- Problem requirements -
The copy you print must match the listing exactly, with its pictures removed.

- Dataset excerpt -
▽
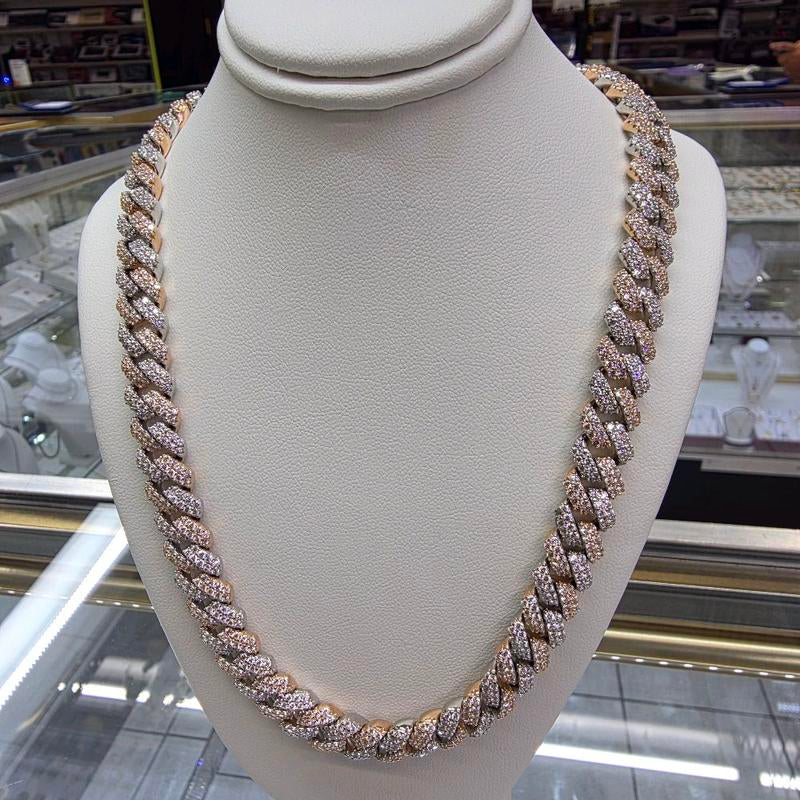 Cuban Link Moissanite Chain 2 Tone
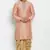 Peach embroidered dupion art silk kurta set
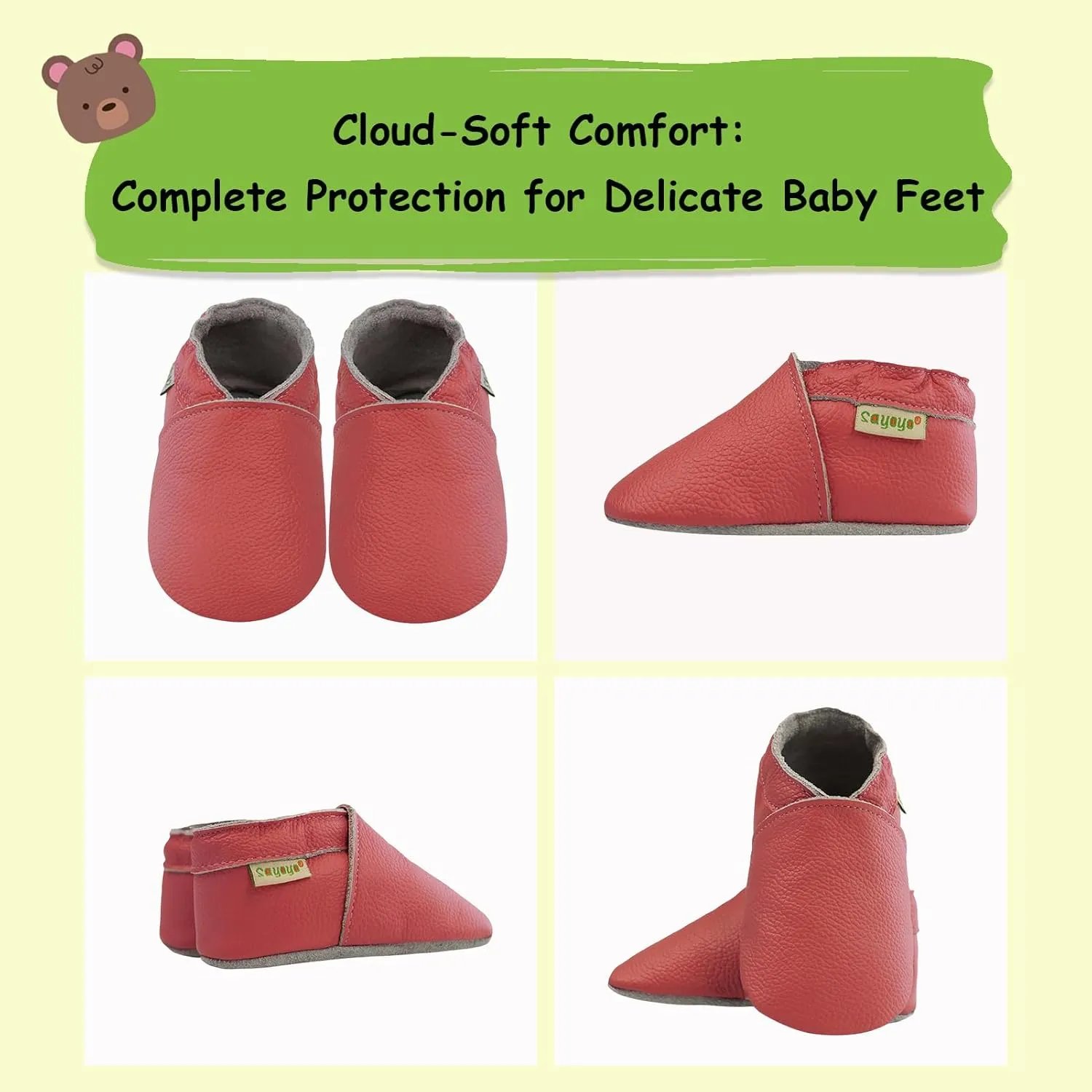 SAYOYO Baby Soft Sole Prewalkers Baby Toddler Shoes Leather Infant Shoes Dark Grey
△
- Answer for the task -
 Cuban Link Moissanite Chain 2 Tone
 Peach embroidered dupion art silk kurta set
 SAYOYO Baby Soft Sole Prewalkers Baby Toddler Shoes Leather Infant Shoes Dark Grey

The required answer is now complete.